Peligroso punto de inflexión
Editorial El Mercurio | Sección: Historia, Política, Sociedad
Todo cuanto ocurre lleva a concluir que el país sigue un curso de creciente crispación política, algo nunca deseable, y tanto menos ahora, cuando el debilitamiento de los consensos en que se basa nuestra convivencia –y que parece estar en el trasfondo de muchas de las movilizaciones que han venido ocurriendo y en varias de las anunciadas– puede traducirse en inestabilidad institucional, con sus múltiples y negativas secuelas en todos los ámbitos. En ese escenario, la destitución de Harald Beyer como ministro de Educación es solo una manifestación más de ese clima.
Alarma la facilidad con la que líderes estudiantiles, algunas figuras parlamentarias y un grupo de dirigentes sindicales se refieren de manera despectiva a las instituciones que hicieron posible el progreso sin precedentes del país en los últimos 30 años, desde la Constitución que nos rige –objeto, sin embargo, de 15 procesos de reforma desde su entrada en vigencia, varios de ellos de sustancial envergadura–, pasando por el modelo de generación de riqueza en que se funda nuestra prosperidad, e incluyendo a las opciones educacionales privadas, que han permitido avanzar en la cobertura educativa hasta inéditos promedios que ya superan los 12 años de estudio. Esa descalificación genérica no se acompaña de propuestas precisas, sino de eslóganes sin real contenido, absolutamente incapaces de resolver los problemas que imputan a las instituciones que repudian. Hay en todo eso una visiblemente ilimitada liviandad de análisis y una falta de rigor intelectual en las distinciones.

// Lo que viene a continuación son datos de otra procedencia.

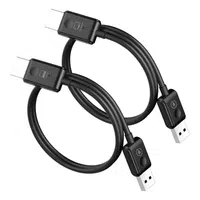 MINIX H1 Wireless 1080P HDMI Dongle Display Adapter 165ft Transmission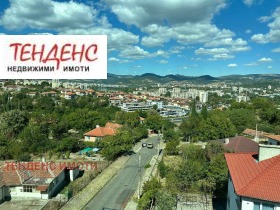 ������� 2-����� | Imot.bg � ����� ������ 5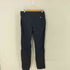 ノンネイティブ nonnative FARMER EASY PANTS RELAX FIT NYLON TUSSAH OVERDYED メンズ JPN:2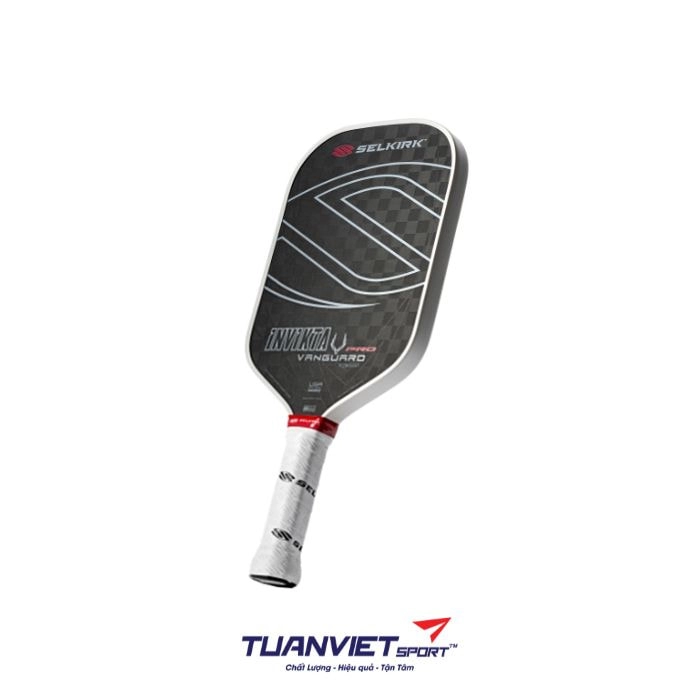 Vợt Pickleball Selkirk Vanguard Pro Chính Hãng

En algunos de esos personeros del rechazo se advierte, además, una crítica a la “tecnocracia” –esto es, el saber fundamentado– como diseñadora de las políticas públicas, a la meritocracia como forma de movilidad social, y a la democracia representativa como forma de gobierno.
Parecería como si, de pronto, el éxito alcanzado por el país no hubiese resultado de políticas correctas aplicadas con esmero y persistencia. Desde esa perspectiva, tal éxito sería más bien una ilusión, que esconde una multitud de problemas, de los cuales los métodos aplicados hasta ahora serían causa directa. También parecería como si esos críticos dieran por sentado el actual buen estado de cosas y, por tanto, pudiesen gratuitamente proponer todo tipo de modificaciones institucionales, sin que ello tuviese consecuencia alguna en la trayectoria exitosa que el país ha recorrido hasta ahora. Hay una curiosa ausencia de percepción de riesgo en las propuestas que se formulan, como si esa misma exitosa trayectoria seguida por el país en las últimas décadas hubiese anestesiado la capacidad de la ciudadanía para advertirlo.
Obviamente, y como todas las sociedades, la chilena requiere reformas en muchos ámbitos, tanto porque su propia evolución requiere adaptarse a situaciones nuevas, como porque, en algunos casos, problemas de diseño originales habían pasado inadvertidos y ahora se hacen más evidentes. Pero reformar, adaptar y mejorar es distinto de desmantelar o cambiar estructuras en su totalidad. Tampoco se puede sustituir sin costos el esfuerzo y la persistencia por la embriaguez de la movilización o la gratuidad, y menos se pueden resolver problemas muy complejos, que requieren estudios y conocimientos para ser abordados, por simplificaciones conceptuales que nacen de conversaciones de pasillo.
El siglo XXI es interconectado y global, competitivo y digital, en el que el conocimiento y el trabajo bien hecho son la base para mejorar la calidad de vida de las personas. El negativo punto de inflexión en que al parecer estamos hoy inmersos todavía puede ser desactivado. Pero eso requiere visión, decisión y trabajo lúcido de dirigentes de todos los sectores, que reinstalen el trabajo serio y el premio al mérito y al esfuerzo como centro de nuestra actividad, desechando el facilismo ingenuo y las simplezas burdas que algunos proponen.
Nota: Este artículo fue publicado originalmente por El Mercurio de Santiago.